Торгаев сопроводил Масканина до Управления и "сдал" дежурному прапорщику. Тот, в свою очередь, отвёл новоприбывшего по длинному коридору в дальнее крыло и постучал в дверь с табличкой "п/п-к Прилукин". И скрылся за ней, жестом показав оставаться на месте.
– Заходите, – пригласил дежурный, выйдя через полминуты.
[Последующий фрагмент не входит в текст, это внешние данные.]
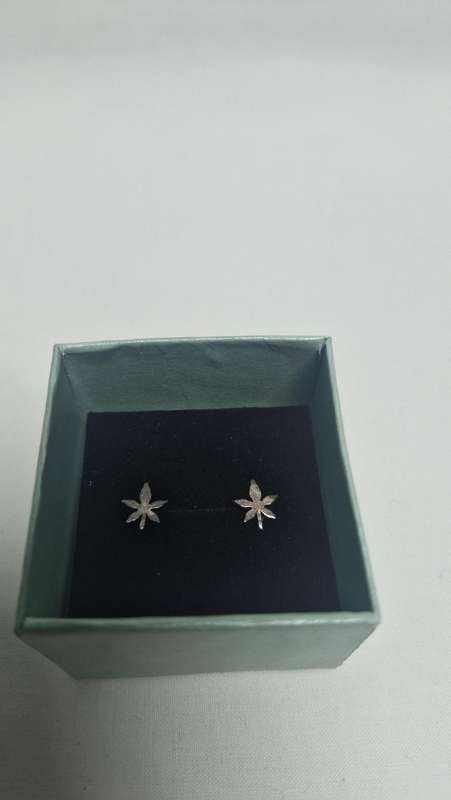 Beautiful Costume Jewellery Set of 5 - Excellent Condition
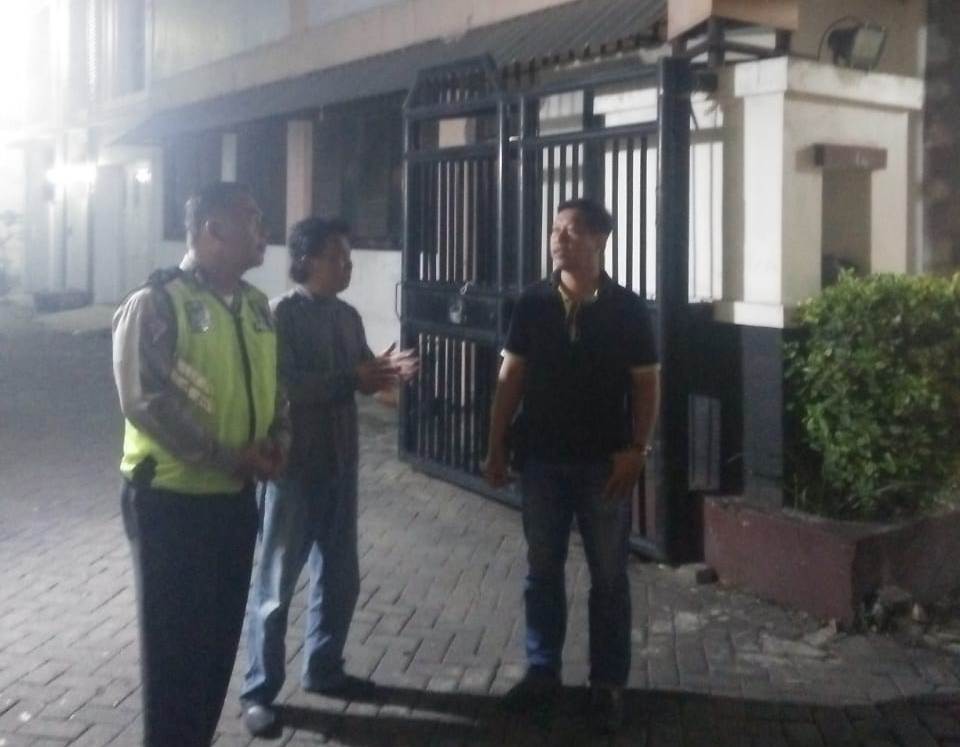 Polsek Semampir Gelar Patroli Malam, Titip Pesan Waspada Orang Tak Dikenal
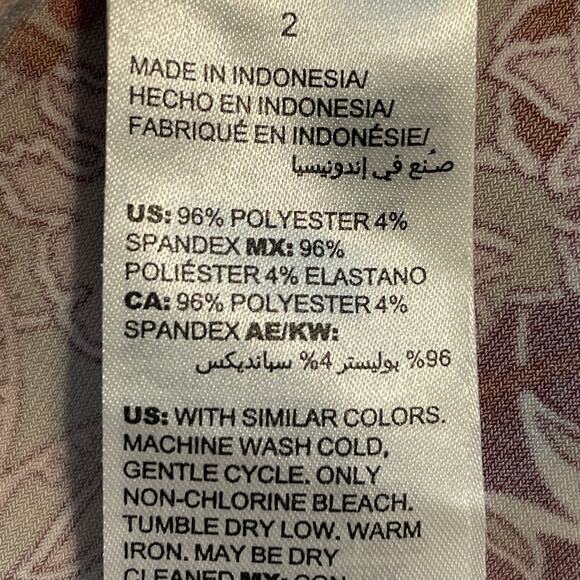 Chico's Hardware Detail Tunic Womens Large Burgundy Baroque Patchwork Flowy Top - Picture 6 of 8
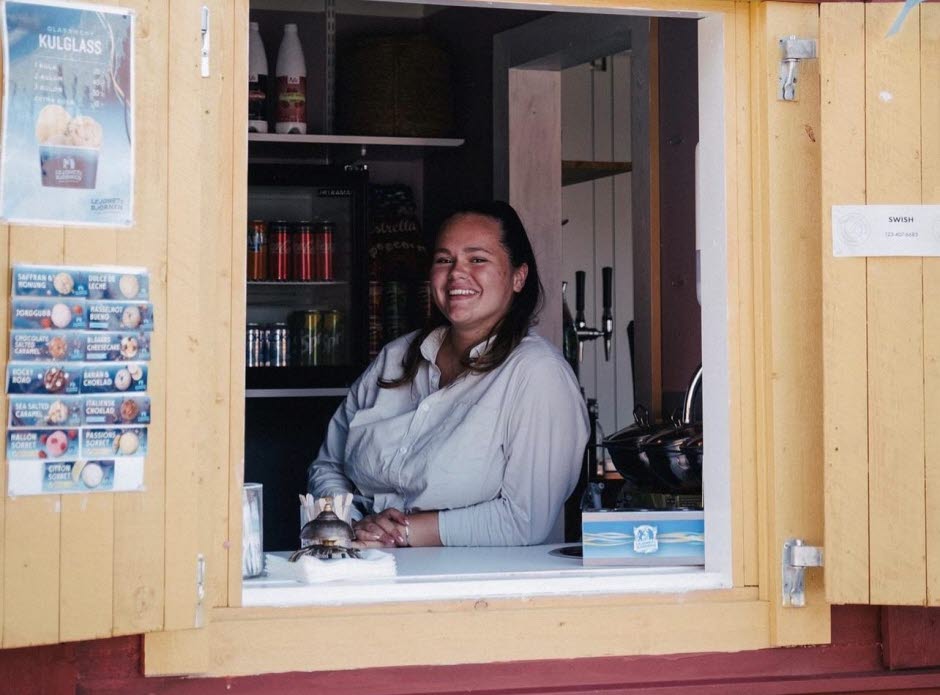 Björholmens marina
Hotell & Restaurang
Glass
Sommar 
Bohuslän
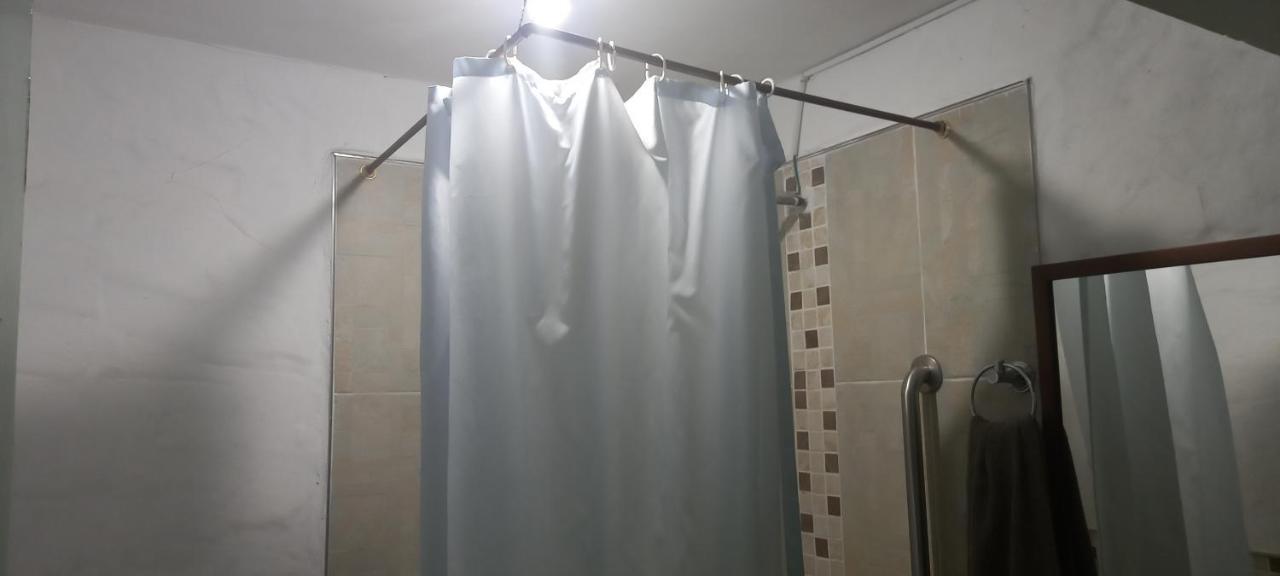 Habita Estudios Laureles Медельин Экстерьер фото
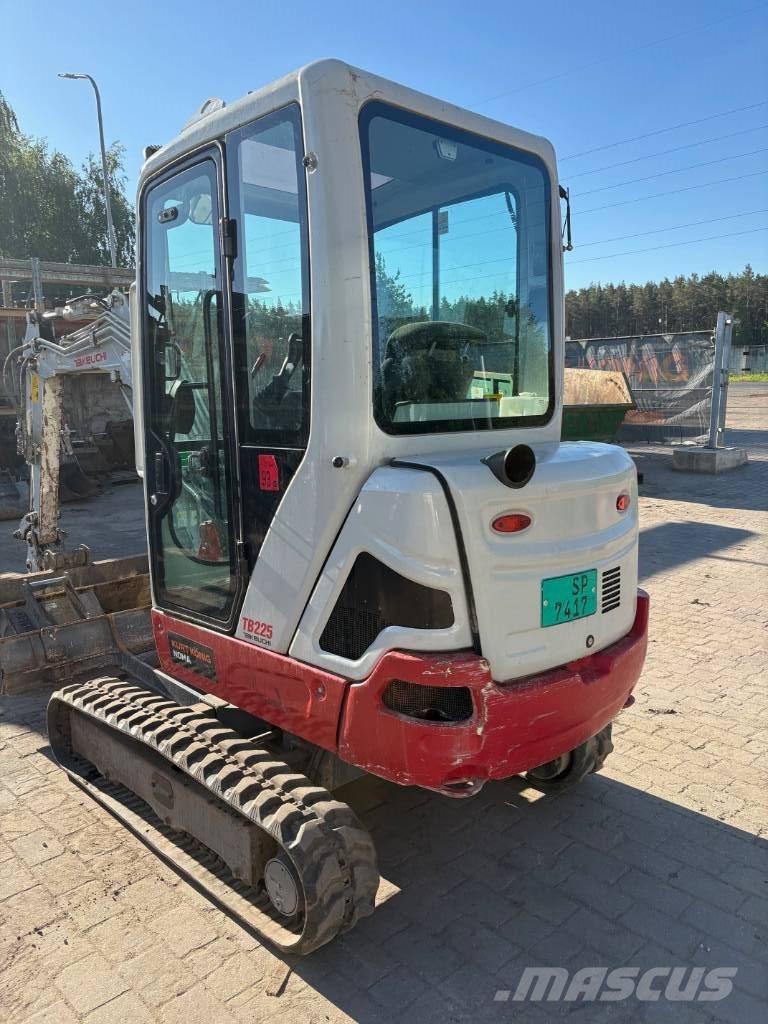 Takeuchi TB 225 Mini rýpadla < 7t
Масканин шагнул за порог. Кабинет оказался небольшим, мебели немного – стол, стулья и пара шкафов с сейфом, на стенах деревянные реечные панели, простенькая электролюстра под потолком и однотонные синие занавески на окнах, оставшиеся, видимо, с довоенного времени. Подполковник выглядел лет на пятьдесят с гаком, на самом же деле его возраст приближался к семидесяти. Ясное дело, до войны был отставником, все сроки запаса давно вышли; однако вот вернулся на действительную и исполняет свой долг в меру сил. А сил у него, по-видимому, сохранилось не мало.
– Поручик Масканин прибыл для дальнейшего прохождения службы.
– Проходите-проходите, поручик, – бодреньким, совсем не старческим голосом пригласил подполковник. – У меня вы надолго не задержитесь. У нас всё как в порядочной часовой мастерской – чётко и в срок.
– Как и должно быть в армии, – не удержался Масканин.
– Да, вы правы. Где армия, там порядок. Иначе это уже не армия… Итак, я подполковник Прилукин. Начальник тылового обеспечения и строевого отдела в одном лице. Документы на вас я получил ещё вчера вечером, поэтому всё практически готово.
То, что Прилукин в настроении потрепать языком, Максим просёк по его мимике и лучащемуся в интонациях добродушию. И ради поддержания разговора заметил:
– Быстро же вы управились, господин полковник. Небось, весь свой отдел запрягли.
В ответ Прилукин улыбнулся, обнажив ровный ряд вставных зубов.
– Весь мой отдел тут перед вами. Что, удивлены? А между тем, в подчинении у меня всего несколько бойцов и унтеров нестроевого возраста, да и те на складах.
– И как же вы сами всё?
– Дело несложное, когда знаешь своё дело на зубок. Вам ведь доводилось слышать изречение Александра свет Васильевича Суворова?
Максим кивнул, заветы древнерусского полководца прошли сквозь века и оставались востребованы до сих пор. Ну а касательно вопроса подполковника, то он, видать, имел в виду изречение про интендантов. Максим припомнил, кажется, оно звучит примерно так: "после пяти лет службы любого интенданта можно смело вешать".
– Сдаётся мне, – поддержал шутку Масканин (если это и правда была шутка), – что те древние слова не про вас.